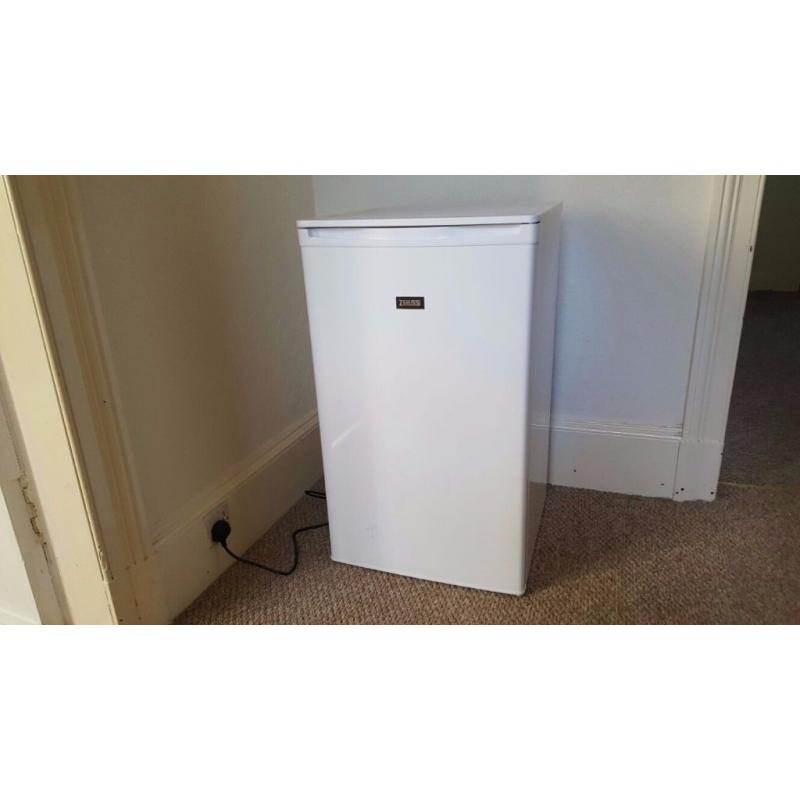 UNDER COUNTER ZANUSSI FREEZER (WHITE)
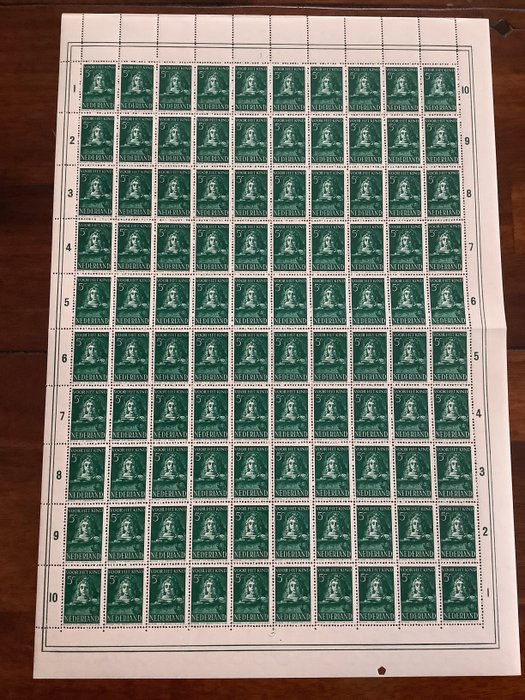 Netherlands 1944 - Children's stamps and Winter Aid with plate errors in complete sheets - NVPH 400, 423 en 424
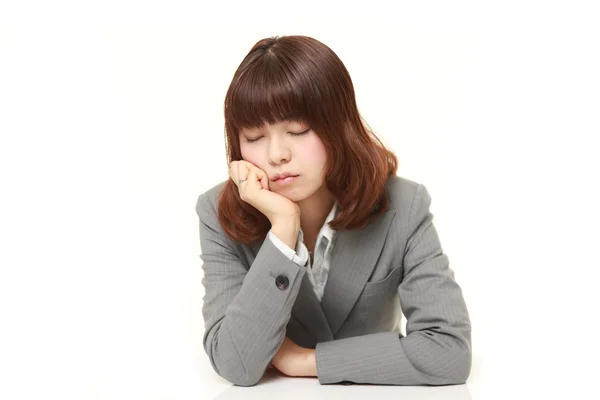 Joven japonesa durmiendo sobre la mesa —  Fotos de Stock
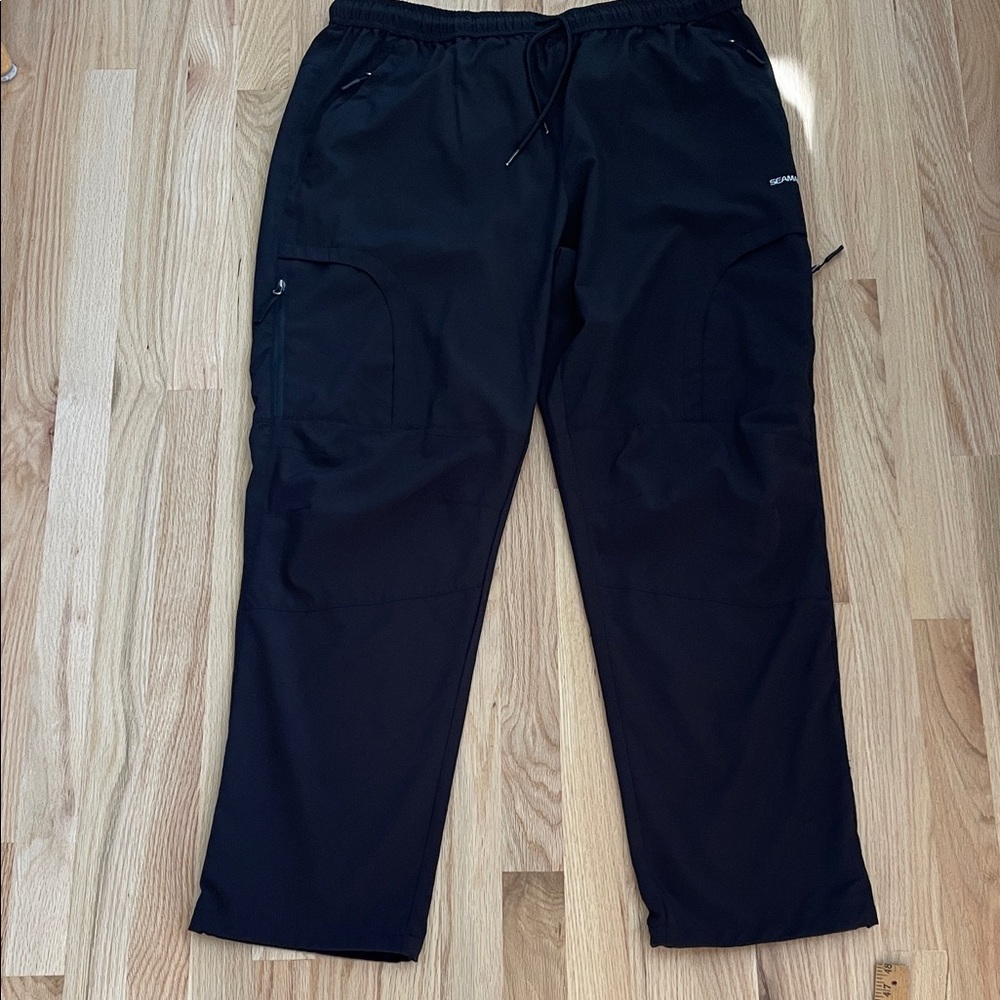 Sleek Black Quick Dry Straight Leg Pants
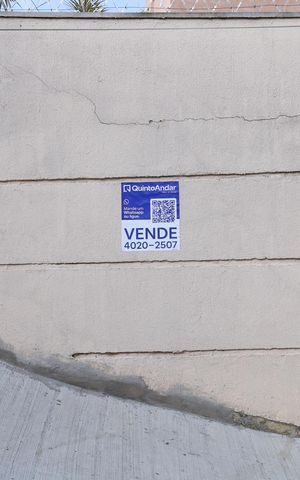 Casa de condomínio à venda com 60m², 2 quartos e 1 vagaPlaca GRANDE instalada na fachada do condomínio, dia 27.08.2026 - Código da placa:MWXC-293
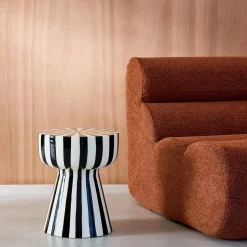 Mesa de apoio em aço esmaltado listras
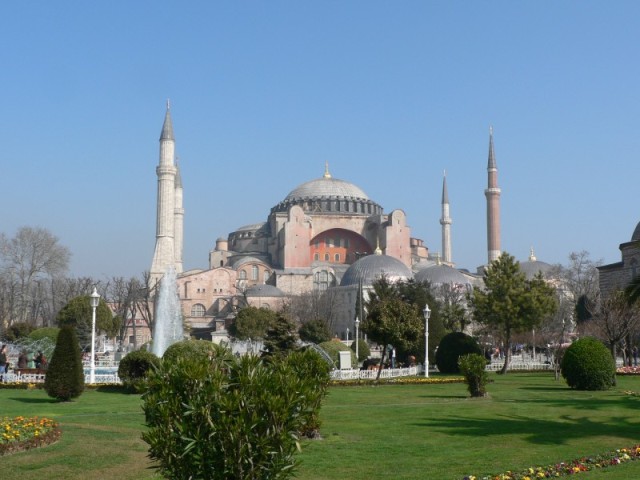 The Aya Sofya on a beautiful crisp pre-spring day.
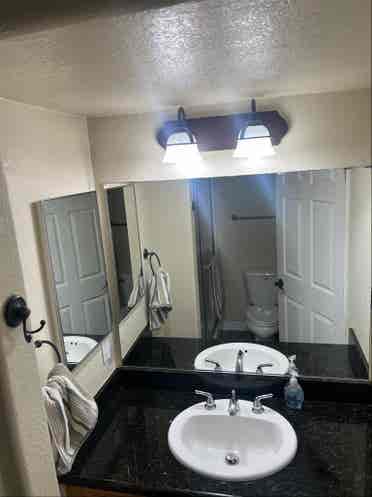Room for Rent in Oceanside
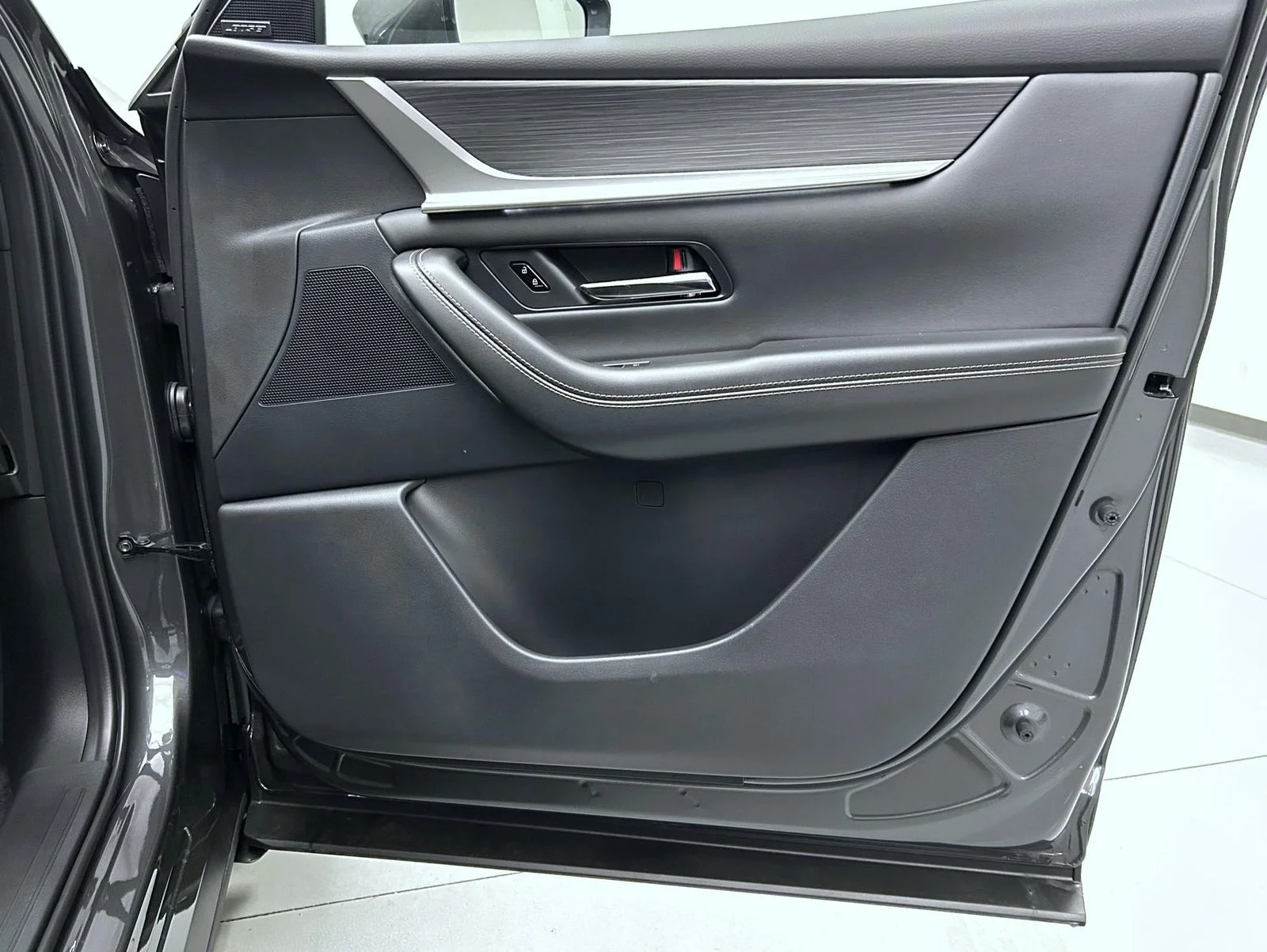 New 2026 Machine Gray Metallic Mazda 3.3 Turbo S Premium Plus AWD image 17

> [DIRECTIONS]
Pictures are not part of the copy. Return every record exactly.

> [RESULT FOR THIS TASK]
 UNDER COUNTER ZANUSSI FREEZER (WHITE)
 Netherlands 1944 - Children's stamps and Winter Aid with plate errors in complete sheets - NVPH 400, 423 en 424
 Joven japonesa durmiendo sobre la mesa —  Fotos de Stock
 Sleek Black Quick Dry Straight Leg Pants
 Casa de condomínio à venda com 60m², 2 quartos e 1 vagaPlaca GRANDE instalada na fachada do condomínio, dia 27.08.2026 - Código da placa:MWXC-293
 Mesa de apoio em aço esmaltado listras
 The Aya Sofya on a beautiful crisp pre-spring day.
Room for Rent in Oceanside
 New 2026 Machine Gray Metallic Mazda 3.3 Turbo S Premium Plus AWD image 17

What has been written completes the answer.